Banana Verde $$ — Banana Verde is a haven for vegetarians and vegans. The restaurant focuses on organic produce for an entirely meat-free menu using traditional flavors from the state of Minas Gerais. Even the more ardent carnivores will find something they enjoy.

Saj $$ — Saj has become hugely popular in São Paulo, and the chain now has four restaurants across the city. Serving Middle Eastern food in a cozy setting, this restaurant is great for a relaxed dinner with friends. The homemade Lebanese flatbread is fresh and delicious, as is everything else on the menu.


Food from Tanka in Sao Paulo, Brazil

Photo: Tanka/Facebook

Tanka $$ — Tanka is more of a buffet-style restaurant, and is seen as one of the best sushi joints in the neighborhood. Make sure to go hungry, as you pay for all you can eat — and you’re going to want to eat a lot. It has a slightly high price, but as long as you make the most of the buffet, you’ll be getting your money’s worth.

Tia Tia $$ — Tia Tia is the type of restaurant that’s easy to miss, but when you venture inside, you’re fed with some of the best food you’ve ever had. Despite the uninspiring decor, this restaurant serves incredible Japanese food, and it’s worth making the trip to Liberdade just to go here. Try one of the sushi boats with a side of pork gyozas and thank us later.


Food from Cantina C Que Sabe in Sao Paulo, Brazil

Photo: Cantina C Que Sabe/Facebook

Cantina C…Que Sabe! $$$ — C…Que Sabe! is a traditional Italian restaurant and a can’t-miss sit-down spot for fresh pasta in São Paulo. All of the pastas are made on site, which is the same amount of care the chefs put into every dish. Expect to enjoy a lively atmosphere while you eat with the occasional live Italian band.
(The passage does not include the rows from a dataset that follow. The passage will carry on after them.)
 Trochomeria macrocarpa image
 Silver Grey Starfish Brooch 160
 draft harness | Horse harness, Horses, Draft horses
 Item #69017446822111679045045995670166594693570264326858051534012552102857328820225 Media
Pizzaria Speranza $$ — A favorite of many top 10 São Paulo pizzeria lists, Speranza is one of the oldest traditional pizza spots in the city and was the first to make an Italy-approved classic Neapolitan margherita pie. If on the off chance you’re not feeling pizza, there’s also the tortano, a traditional Neapolitan bread filled with sausage.
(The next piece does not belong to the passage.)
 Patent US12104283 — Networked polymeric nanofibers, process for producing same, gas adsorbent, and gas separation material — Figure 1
Food from Varanda in Sao Paulo, Brazil

Photo: Varanda Grill/Facebook

Varanda $$$ — Varanda is the top steakhouse in São Paulo, without a doubt. Opened in 1996, Varanda serves hand-selected cuts of meat that are cooked just right, with a wildly attentive wait staff catering to your every need. And, of course, what’s a great steak without great wine? Varanda is well stocked on that front, too. You’re going to pay for it, but the prices are high for a reason.

Seen $$$ — Seen is part fancy cocktail bar, part fine dining steak and seafood restaurant, and part sushi spot. Chef William Ribeiro uses the highest quality organic ingredients and well-sourced proteins. If you don’t have time for the full dining experience, stop by the cocktail bar and be treated to stunning views of the São Paulo skyline while you sip on a time-tested classic or one of Seen’s original drinks.

Nakka $$ — Nakka is a Japanese restaurant that balances traditional and contemporary cuisine. The main event here is specialty sushi, but there are a few non-fish items on the menu as well. It’s the type of place where you can order a standard tuna roll right alongside sea urchin with quail egg. An eight-page cocktail and spirits menu makes sure you won’t go thirsty.